Many global central banks have taken huge positions in US equities and that’s the main reason the SPX and other markets have kept from correcting as would normally be expected when valuations get as nutty as they now are. I guess you approve of this?

We also know that commercial Bullion banks have manipulated the precious metals PAPER markets for a couple decades now in order to support the US dollar. Presently, more paper silver is traded in one day than is mined in a year! I’m sure you probably didn’t know this nor any of the viewers on this site but it’s true.This is due to huge commercial banks shorts. Do you think this is right Doug?

Hell, I could keep going on and I sure don’t expect a reply from you but just had to get a few things off my chest after reading you commentary today. Maybe I’ll get deleted!! Wouldn’t surprise me because as Garth often says, it’s a pathetic blog… Cheers…

#118 Also in Cowtown on 09.17.16 at 8:47 pm

#23, Vern in Cowtown

Unfortunately, Mike Fotiou’s site is currently defunct…..

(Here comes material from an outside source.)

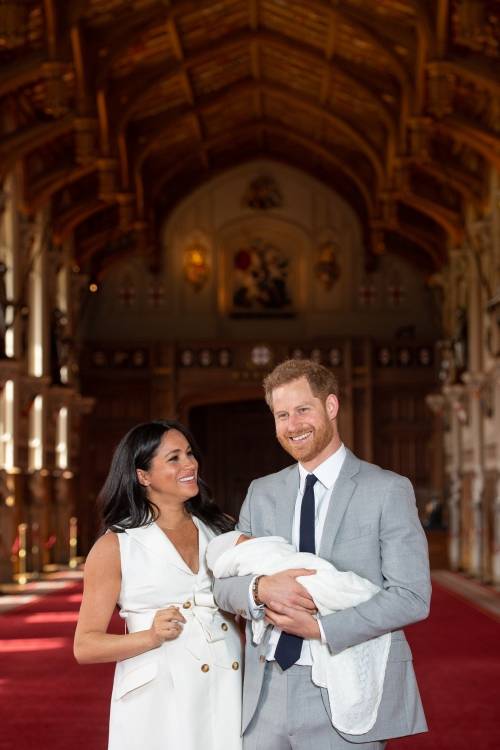 Harry, principe del popolo presenta al mondo Archie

I noticed a couple weeks ago that his “Real Estate Statistics” page was listing a fraction of the information that he previously posted.

Disappointing indeed.

#119 Jim on 09.17.16 at 9:54 pm

Deposit insurance claim payments are usually spread over many years if not decades, depending on the damage.

#120 you and me on 09.18.16 at 3:00 am

DELETED 5

#121 westcdn on 09.18.16 at 3:09 am

#18 mark r on 09.16.16 at 7:27 pm

All my money is in tulip bulbs.
They’re gonna make a comeback. Just you wait.
———————————————————–
I had to laugh. Good on you.

#122 you and me on 09.18.16 at 3:16 am

DELETED 5

#123 Sc on 09.18.16 at 4:08 am

Hey Garth, the cipf guarantees against the insolvency of the firm, not a guarantee on the deposit itself. I work as an investment advisor and you are dead wrong on this one. Consider amending today’s post for your own good.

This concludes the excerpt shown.